今年7月に起きたベネッセ・ホールディングスの個人情報漏洩事件は記憶に新しい。慌てて「自分の会社は大丈夫か」と、自社内のチェックを命じた経営者も多いだろう。

 情報漏洩事件は、10数年前から繰り返し起きていた。そのたびに情報管理の不備が指摘されてきたが、事故は起こり続けている。情報漏洩はいつまで繰り返されるのだろうか。

 今回は、日本を代表するセキュリティの専門家の1人である、セキュリティ専門会社ラックの西本逸郎取締役CTOに、企業のセキュリティ対策の考え方について話を聞いた。西本氏は、「コスト削減目的のIT活用ならアリバイのセキュリティ対策でもよかったが、データの活用を考えているなら、根本的に考え方を改めないと破綻する」と警鐘を鳴らす。

(聞き手は小野口哲)

情報漏洩は、以前から何度も繰り返されてきました。「またか」と思った人も多いでしょう。今後も同様のことが繰り返されるのでしょうか。

西本逸郎(にしもと・いつろう)氏
西本逸郎(にしもと・いつろう)氏
ラック取締役CTO。日本を代表するセキュリティの専門家の1人。プログラマーとして数多くの情報通信技術システムの開発や企画を担当し、2000年以降、サイバーセキュリティ分野での研究や対策に取り組む。日本スマートフォンセキュリティ協会の理事、事務局長を務めるなど、セキュリティ関連の活動に積極的に取り組む。ベネッセの情報漏洩事件を受け、同社が外部専門家をトップとする「事故調査委員会」を設立したが、西本氏はメンバーとして参画している。著書に、『国・企業・メディアが決して語らない サイバー戦争の真実』(中経出版)。

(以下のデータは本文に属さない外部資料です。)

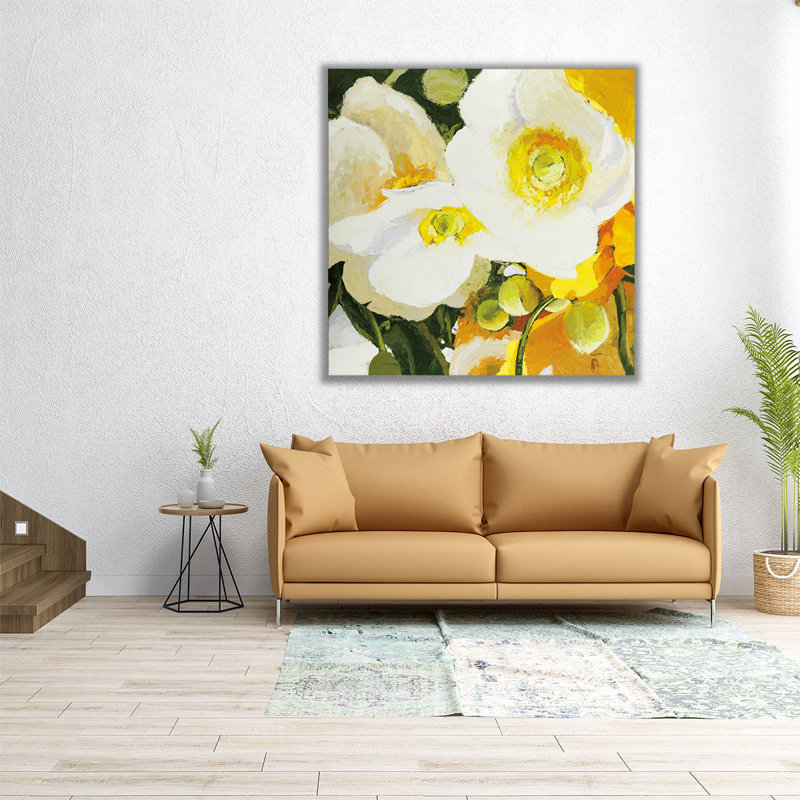 Anémones blanches de près - reproduction d'art sur toile, H 12 po x l 12 po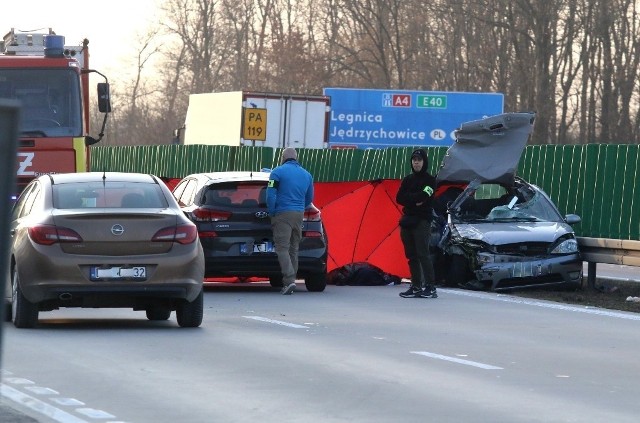 Wypadek na autostradzie A4 tuż przed zjazdem Jarosław 25.03.2022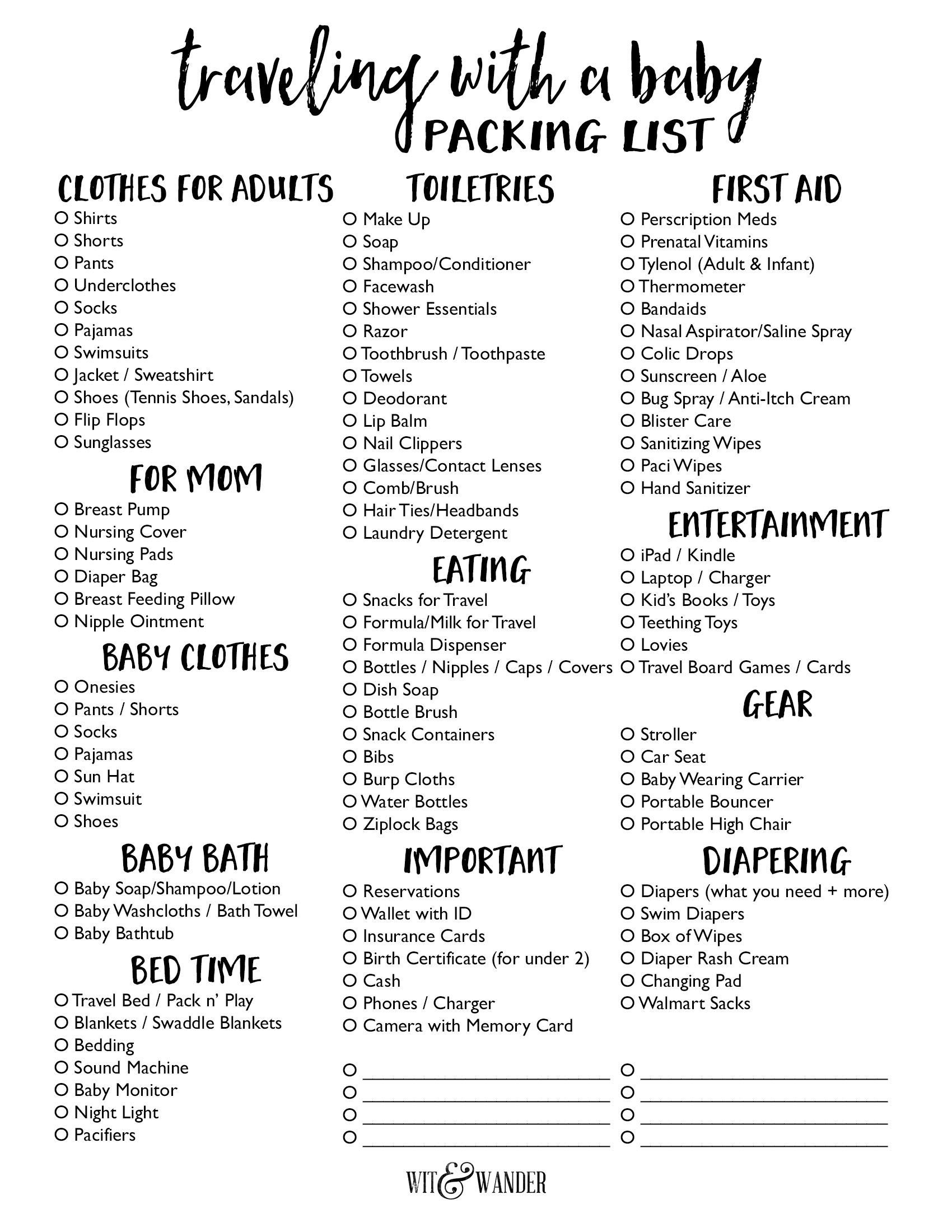14 holiday Checklist baby ideas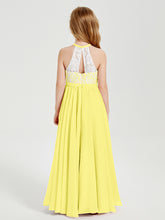 Lace Top Long Chiffon Bridesmaid Dresses Lemon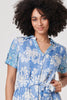 Blue | Ikat Print Tie Waist Midi Shirt Dress
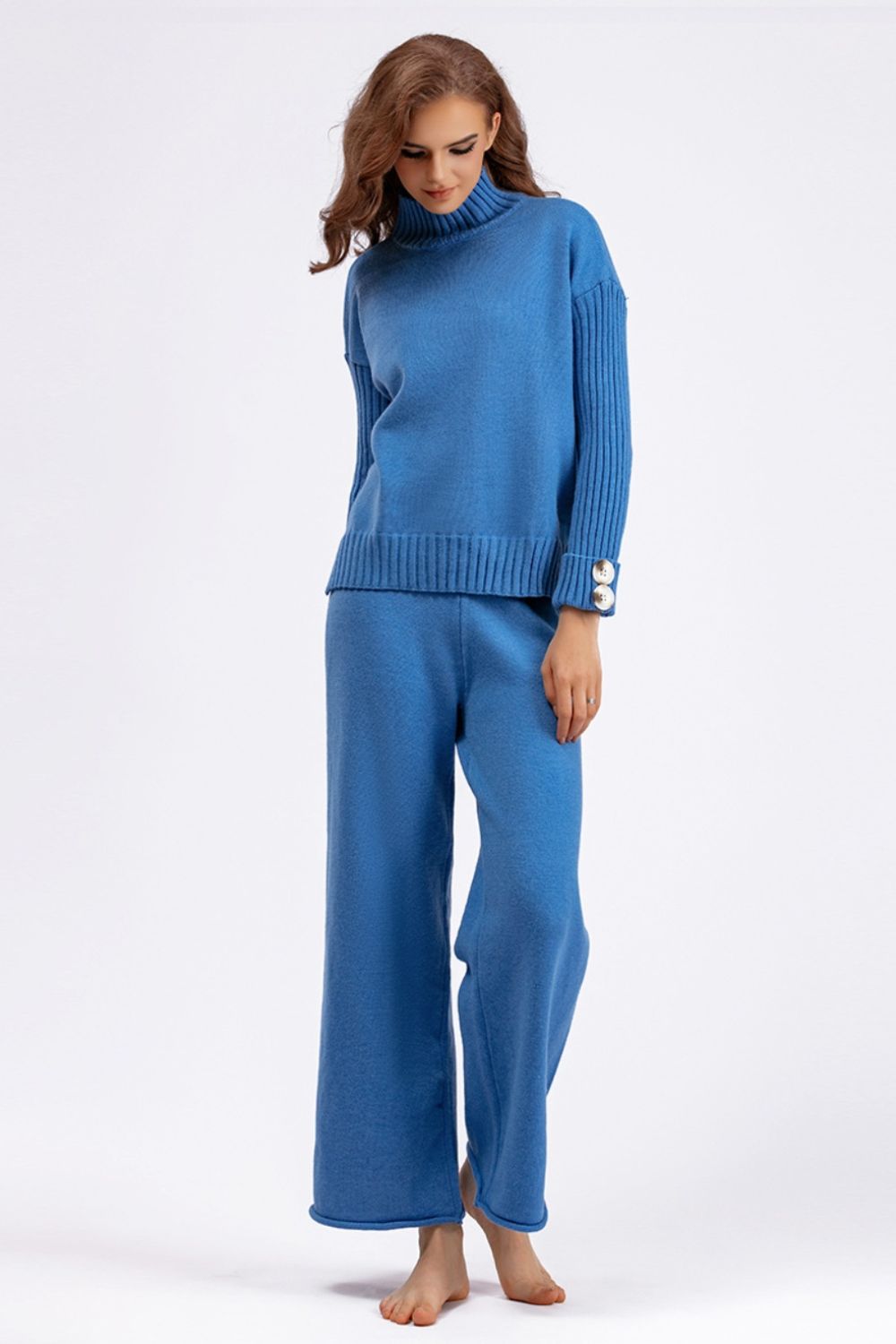 Set - Basic Bae High- Low Turtleneck Long Sleeve Top and Pants Sweater Set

西本:一般的に、情報システムとかITと言うと、自分には関係ないと考える方が多いのが現状です。日経ビジネスオンラインの読者も、自分はシステム担当者ではないからという方が多いのではないでしょうか。

うーん、そうかもしれませんね。

西本:車を例に考えてみると、ブレーキがあって、アクセルがあって、ハンドルがあって、エンジンがあって、ガソリンを入れなきゃ走らない、ということは誰もが知っています。同じように、情報システムにも原理原則があるのです。それを大きく分けると「機能(=ファンクション)」と「データ」に集約されます。

 例えば、交通費の精算システムがあるとします。それは機能です。何でそのようなシステムが要るかというと、合理化したいわけです。コスト削減したいわけです。いちいち伝票を書いていたらみんな大変ですから。20世紀の情報システムというのは、基本的にそういう“機能”を提供したことで発展してきたのです。機能中心なのです。